It has been the mating of the mighty with the mighty. Some of the world's biggest commercial and investment banks, including HSBC Holdings (HBC), Goldman Sachs (GS), American Express (AXP), the Royal Bank of Scotland, and Bank of America (BAC), have spent billions buying strategic stakes in China's biggest financial institutions, including China Construction Bank, Bank of Communications, and Bank of China. The Westerners want access to Chinese depositors and their savings of $1.8 trillion. They also want to help China's biggest banks go public, and enrich themselves in the process: The initial offering of China Construction has already made a ton of money for BofA. Now, Bank of China has just gotten the government nod to raise $8 billion later this year. That will fill the bank's coffers and hugely benefit its key American partner, Merrill Lynch & Co (MER).
But someone's missing from the dance card: Citigroup (C), a bank with ties to China dating back to 1902 in Shanghai, and a record of making big bets in expanding markets such as Mexico. Citi has balked at signing on to big partnerships with the Chinese majors (it pulled out of negotiations with China Construction Bank last year, for example). It has always insisted on having a big managerial voice, which is something the major mainland banks are reluctant to give away. As a result, all Citi has to show for its efforts in China is about 5% in midsize Shanghai Pudong Development Bank, for which it ponied up a paltry $67 million in 2003.

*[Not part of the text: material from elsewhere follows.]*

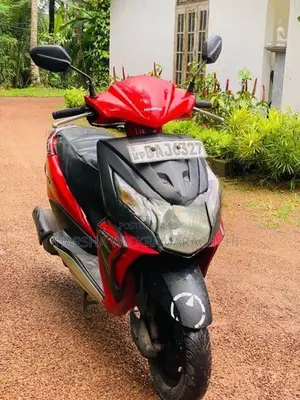 Honda Dio 2013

Now Citi is hoping to hear in the coming weeks from Chinese authorities on a bid it made in October for another regional player, Guangdong Development Bank. Just another consolation prize? Maybe not. The unusual thing about the Guangdong bid: Citi and a group of investors including The Carlyle Group, a U.S. private-equity firm, want 85%. Acquiring outright majority control of a Chinese bank would be a first for a foreigner, and possibly prove to be a game-changer.
Citi needs a bold play. True, it has made some headway, expanding its own branded network of retail branches as well as outlets that focus on corporate lending and investment banking services. Two years ago it joined with Shanghai Pudong to launch a successful dual-currency credit card that customers can use to pay in yuan at home or in foreign currencies abroad. Last September, Citi forged a tieup with China Unionpay Co., a national bank-card association, which gave Citi cardholders access to its partner's vast ATM network on the mainland. Robert Morse, managing director and chief executive of Citi's Asia Pacific Corporate & Investment Bank, told analysts late last year that Citi's branded businesses in China are not only "highly profitable" but have delivered 39% average annual growth rates over the past three years.
Yet mainland China generates only 2% of Citi's Asian revenues, vs. 12% from Hong Kong, 14% from South Korea, and 10% from India -- all smaller economies than China's. Citi's Asian operations generated an impressive $2.6 billion in earnings in 2004 (bigger than Lehman Brothers Inc.'s (LEH) worldwide profit) on $7.6 billion in revenues. Those numbers would be even more robust if Citi could manage to develop a sizable mainland presence.
So now Citi Chief Executive Charles O. Prince III has given the green light to a more aggressive China strategy. The New York behemoth is leading a group that wants to pay some $3 billion to acquire control of Guangdong Development, a commercial lender that's basically insolvent after years of extending credits to favored companies. On the plus side of the ledger, though, Guangdong is based in Guangzhou, right smack in the country's second-richest province, where all foreign players want to be. Better yet, it has a 520-plus branch network. To land the bank, Citi will need a special exemption from Beijing to the 20%-to-25% investment caps imposed on foreign investors, something its rivals and Western governments have long pressured Chinese President Hu Jintao's government to do.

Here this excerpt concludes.